> _Exercise goal_:
Copy, word for word, the line containing "3WARE 2-PORT SATA-150" and each line that follows it in the entries below; pictures do not belong in the copy.

------ Data

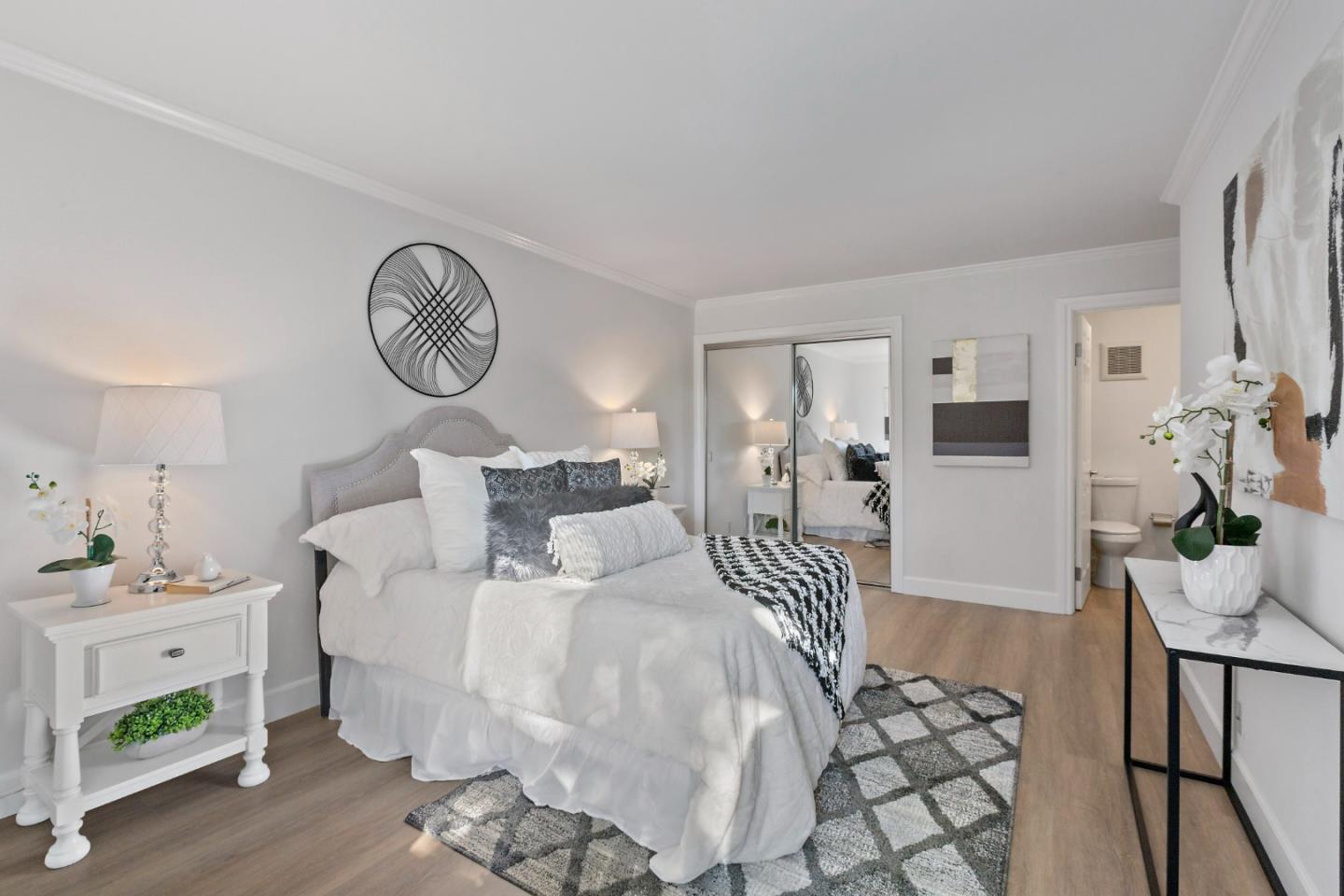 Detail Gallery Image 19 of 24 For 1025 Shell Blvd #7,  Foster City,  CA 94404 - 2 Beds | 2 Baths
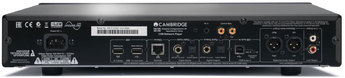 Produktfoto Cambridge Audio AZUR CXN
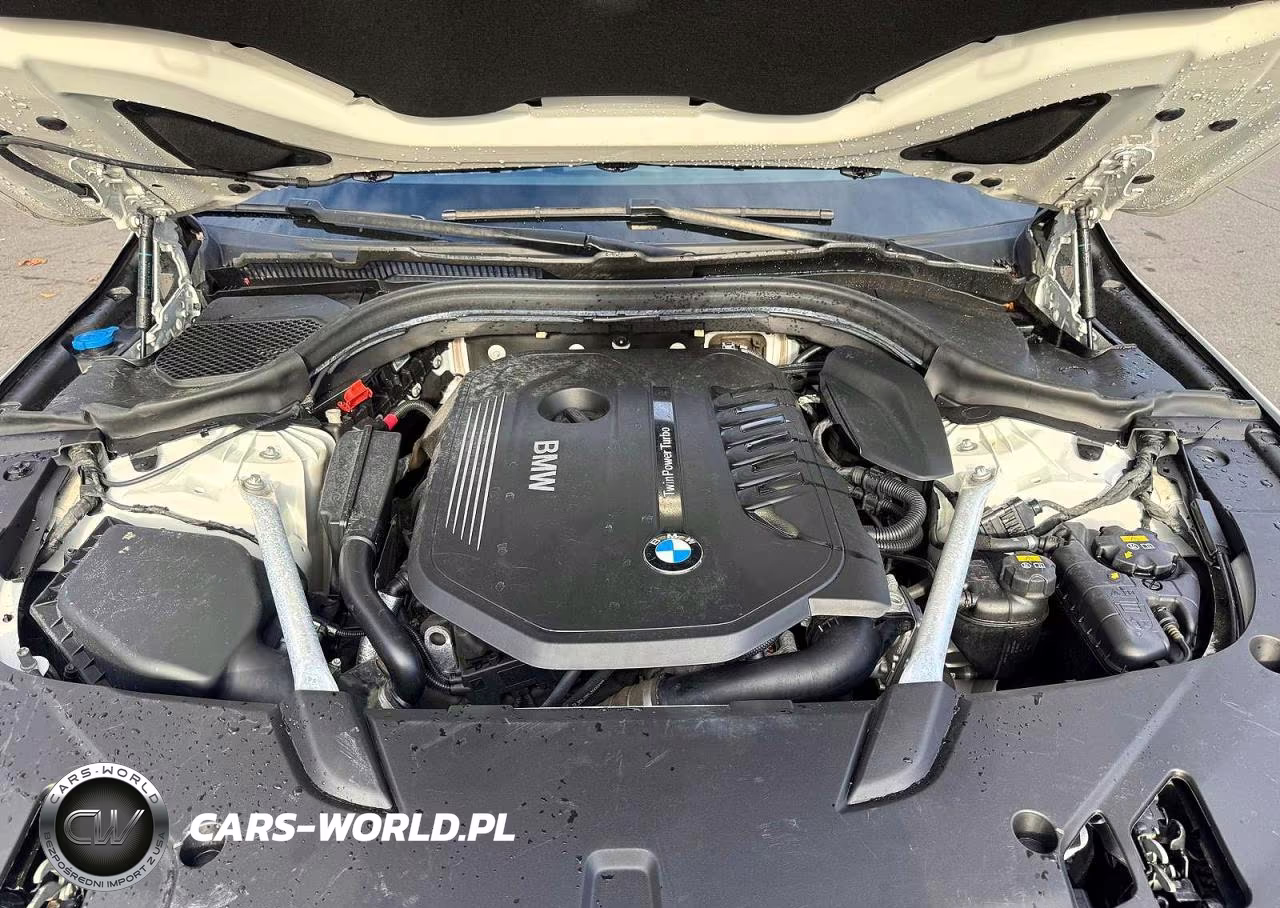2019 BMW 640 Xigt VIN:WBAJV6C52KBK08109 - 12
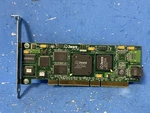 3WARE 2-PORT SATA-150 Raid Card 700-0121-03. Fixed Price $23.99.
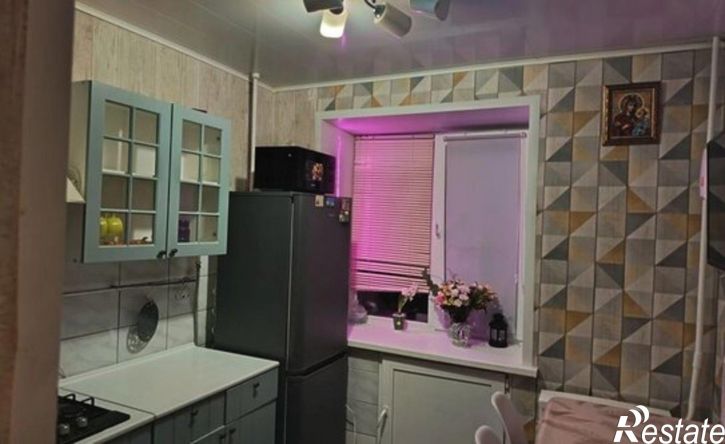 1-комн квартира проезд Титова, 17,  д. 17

------------

> _Response for this exercise_:
 3WARE 2-PORT SATA-150 Raid Card 700-0121-03. Fixed Price $23.99.
 1-комн квартира проезд Титова, 17,  д. 17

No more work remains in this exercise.